Thin Cats Calls it a Day For Retail Investors – Puts Loans in Run-Off

British p2p lending marketplace Thin Cats* announced that it will cease to offer new loans to retail investors. Thin Cats had facilitated about 556 million loans to UK business clients on its marketplace.

UPDATE: The headline has been edited compared to an earlier version to clarify that the company only stopped to offer retail p2p loans. This confusion resulted from the fact that the announcement below made no mention that the company will focus on institutional clients in future.

The Thin Cats announcement reads:

You have probably noticed that the number of new loans for investment
on the P2P platform operated by Business Loan Network Limited (BLN),
one of the ThinCats Group companies, has fallen significantly over the
last two years.

Following a thorough review, we have concluded it is no longer cost
effective and practicable to raise funds in this way, so have decided to
close the P2P platform to new business and initiate a run-off process
for existing investors.

This proposal has been discussed with the Financial Conduct Authority
(FCA) and we have made a voluntary request to the FCA that the
permissions to operate an electronic platform be closed to new business.

Our decision to initiate the ThinCats P2P Platform run-off has had the
following impacts which became effective at 12.01am on 9 December 2019.

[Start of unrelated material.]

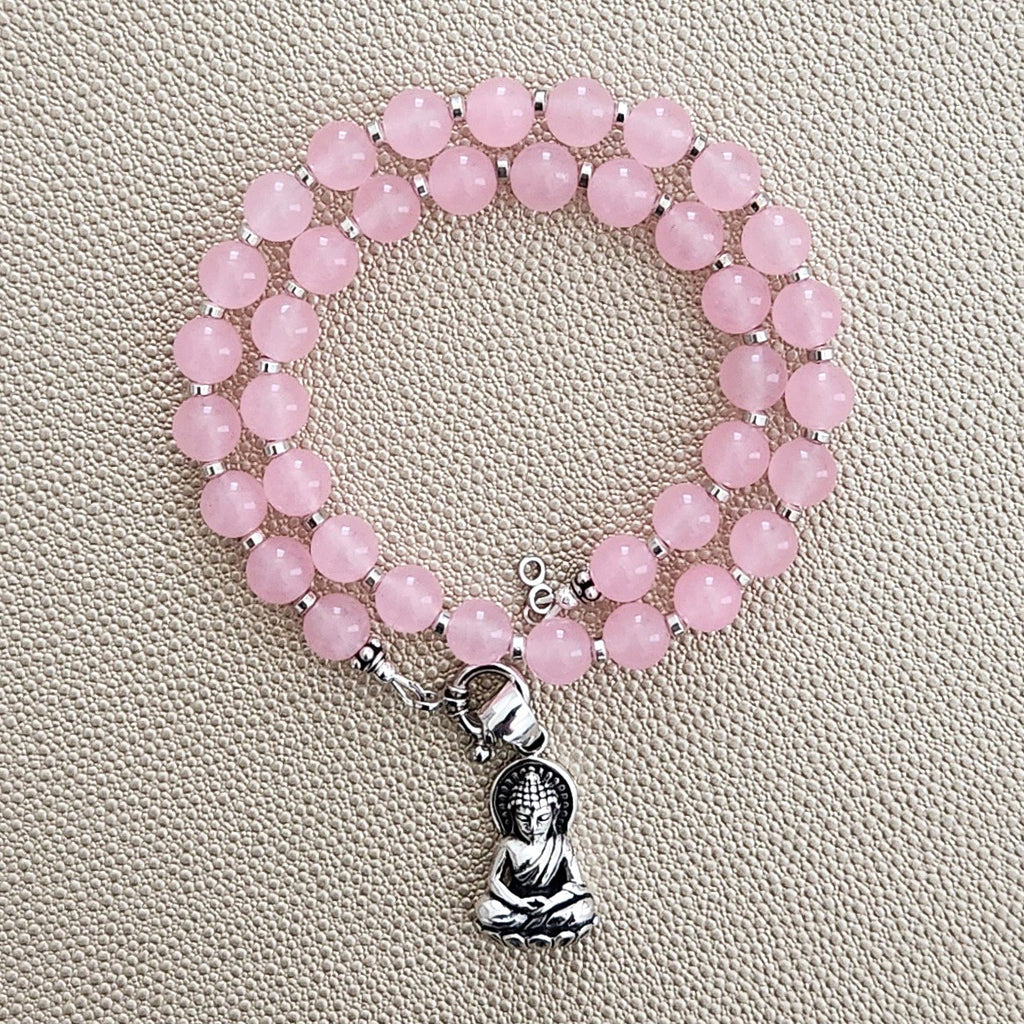 0--PINK JADE NECKLACE W/ 925 BUDDHA--16"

No new loans will be offered on the ThinCats P2P Platform
The secondary market has closed and any loan parts listed for sale at the time of closure have been cancelled
No new accounts, including ISA accounts, can be opened
No new lender deposits can be accepted

Please note that investors can continue to log in to their account(s) in
the usual way until such time as their account closes as part of the
run-off process.

Crucially all of our existing systems and controls will remain in place
to ensure investors’ interest and capital is collected when due or
otherwise actively recovered. Investors can continue to withdraw any
cash balances to their nominated bank account following the usual lender
withdrawal request process. It is no longer possible to add new funds
to your account(s), although loan repayments collected on your behalf
will continue in the normal way.

The effect on different categories of investor is detailed below:

1. Lenders holding performing loans

Lenders with status “A” loans that are performing as expected will
continue to receive interest and capital repayments in line with the
original loan schedule. We would encourage you to withdraw your cash
balances periodically.

Following the closure of the secondary market, you can no longer buy or
sell any loan parts and any loan parts currently listed for sale will be
cancelled.

For any performing loans that may subsequently become non-performing, these will be treated as described in section 2 below.

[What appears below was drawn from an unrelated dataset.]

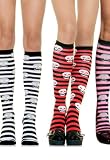 Acrylic Knee High Stocking Socks With Stripes And Skulls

2. Lenders holding non-performing loans

For lenders with loans that are not performing in line with the original
loan schedule, we will continue to endeavour to maximise the returns to
lenders through our normal monitoring and recovery process. There will
be no additional impact from the introduction of a run-off period and we
will continue to email you with updates on specific non-performing
loans.

Once we have secured the maximum value from non-performing loans,
lenders will be asked to withdraw any remaining cash balances and close
their account.

3. Investors in Diversified Loan Portfolios (DLPs)

DLPs have a minimum Target Term, typically two years, during which it is
not possible to sell underlying loan parts. Following the closure of
the secondary market, performing loans within DLPs will no longer be
offered for sale via the secondary market towards the end of the Target
Term. Payments from these loans will, instead, continue until the loan
matures.

We will contact you separately with the proposed run off schedule for
each DLP that you hold and you will continue to receive DLP statements
on a quarterly basis.

Any non-performing loans within a DLP will be treated as described in section 2 above.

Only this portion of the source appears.